**Try it**.
Where the line containing "Estrada Cedro/Poton, Norte" appears, start repeating, and continue exactly through the last line below, adding nothing. Include no pictures.
===== Dataset content =====
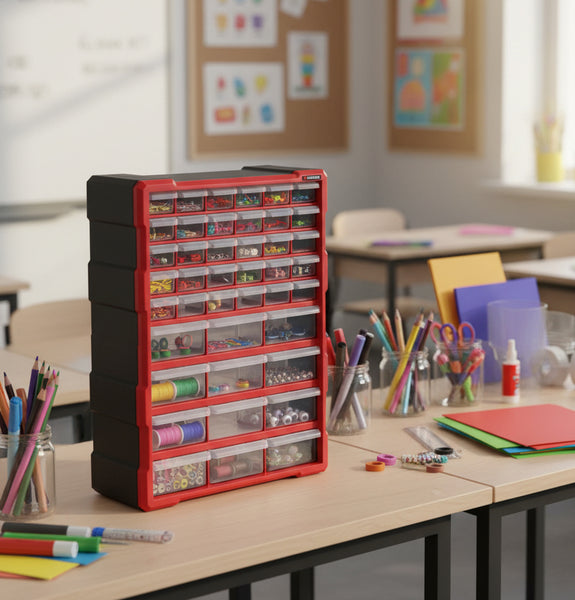 Cajonera INTERTOOL, 39 cajones, 18,7" x 14,9" x 6,2", plástico | BX08-4013 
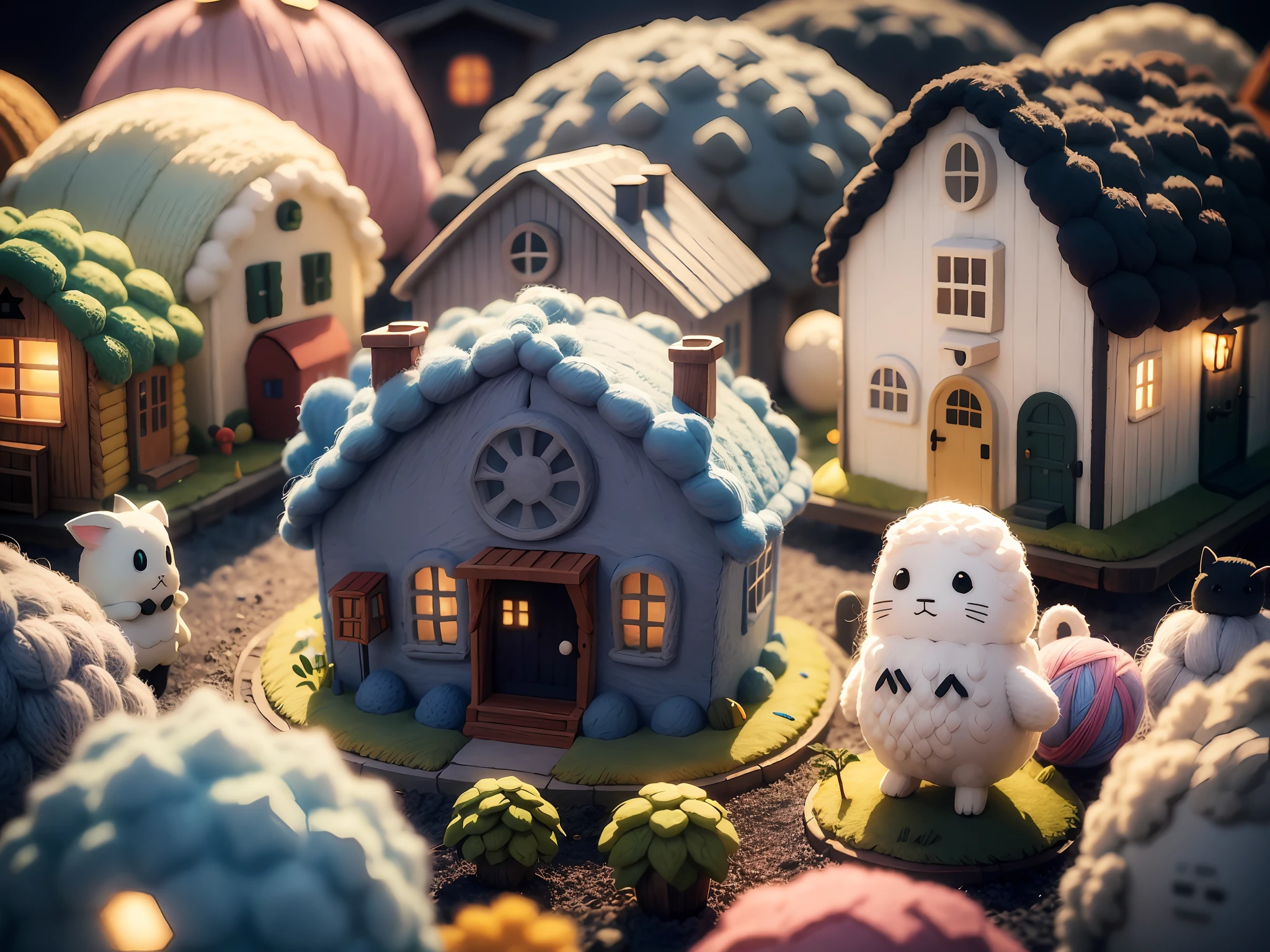 cute world of wool felt, wool knitted fabric, cartoon, some small houses, farms, barracks, warehouses, flower houses, super cute, superb lighting, volumetrics, by Jon Klassen, Ghibli Studio style, Tilt - shift, 80mm lens, Large aperture, 3d, blender, masterpiece, super detail, best quality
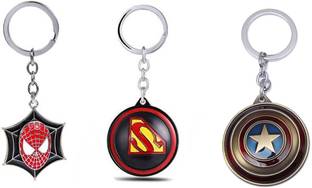 OHZEN Spiderman,Superman,Captain America Shield Rotating Keychain best quality Key Chain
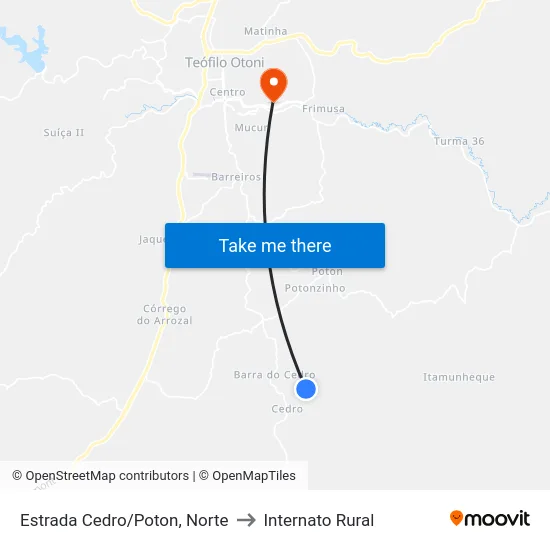 Estrada Cedro/Poton, Norte to Internato Rural map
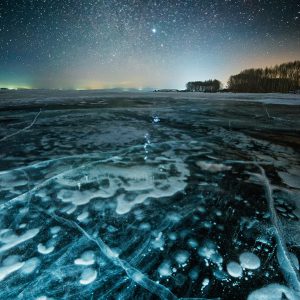 Winter Constellations Above Frozen Lake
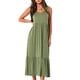 thumbnail image 1 of Lucakuins, vestidos midi de verano para mujer, moda de vacaciones, cuello en V, color sólido, sin mangas, playa, vestido acampanado Lucakuins moda, 1 of 9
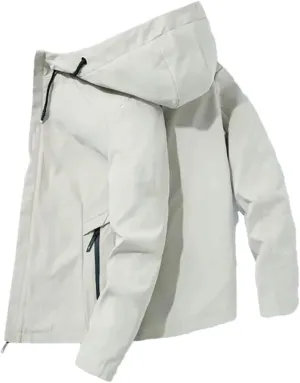Men's Hooded Jacket Long Sleeve Solid Color Coat Zipper Casual Sports Solid Color Overcoat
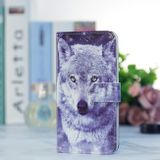 Peňeženkové kožené pouzdro PAINTED na Samsung Galaxy A23 5G - Bílý vlk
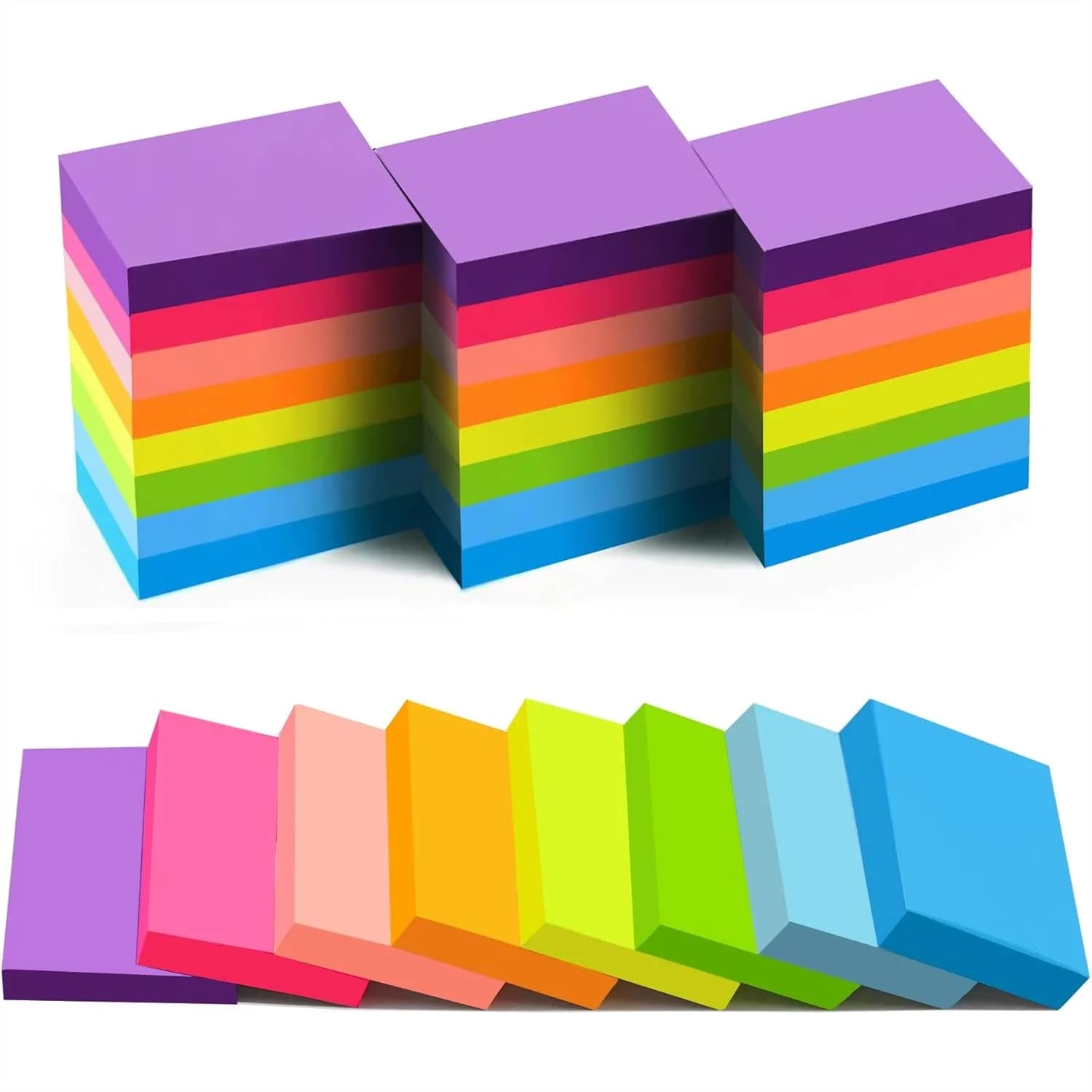 Blocchetti Adesivi 1.5x2 Pollici, 24 Blocchetti, 8 Colori Vivaci, Foglietti Autoadesivi per Ufficio, Scuola, Casa, Riunioni, 75 Fogli/Blocchetto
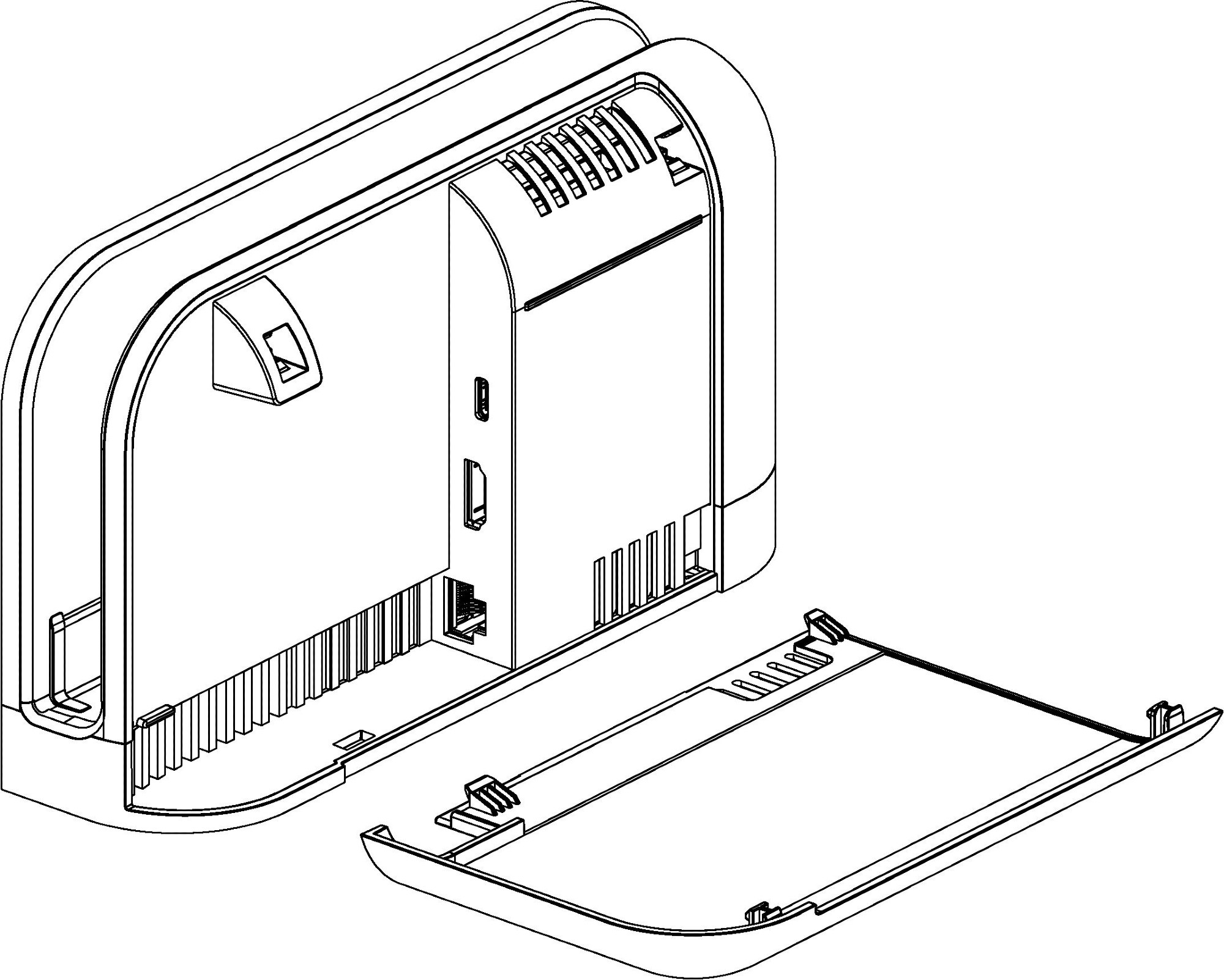 Drawing of Switch 2 Dock with back panel opened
=====
**Solution**.
 Estrada Cedro/Poton, Norte to Internato Rural map
 Winter Constellations Above Frozen Lake
 thumbnail image 1 of Lucakuins, vestidos midi de verano para mujer, moda de vacaciones, cuello en V, color sólido, sin mangas, playa, vestido acampanado Lucakuins moda, 1 of 9
Men's Hooded Jacket Long Sleeve Solid Color Coat Zipper Casual Sports Solid Color Overcoat
 Peňeženkové kožené pouzdro PAINTED na Samsung Galaxy A23 5G - Bílý vlk
 Blocchetti Adesivi 1.5x2 Pollici, 24 Blocchetti, 8 Colori Vivaci, Foglietti Autoadesivi per Ufficio, Scuola, Casa, Riunioni, 75 Fogli/Blocchetto
 Drawing of Switch 2 Dock with back panel opened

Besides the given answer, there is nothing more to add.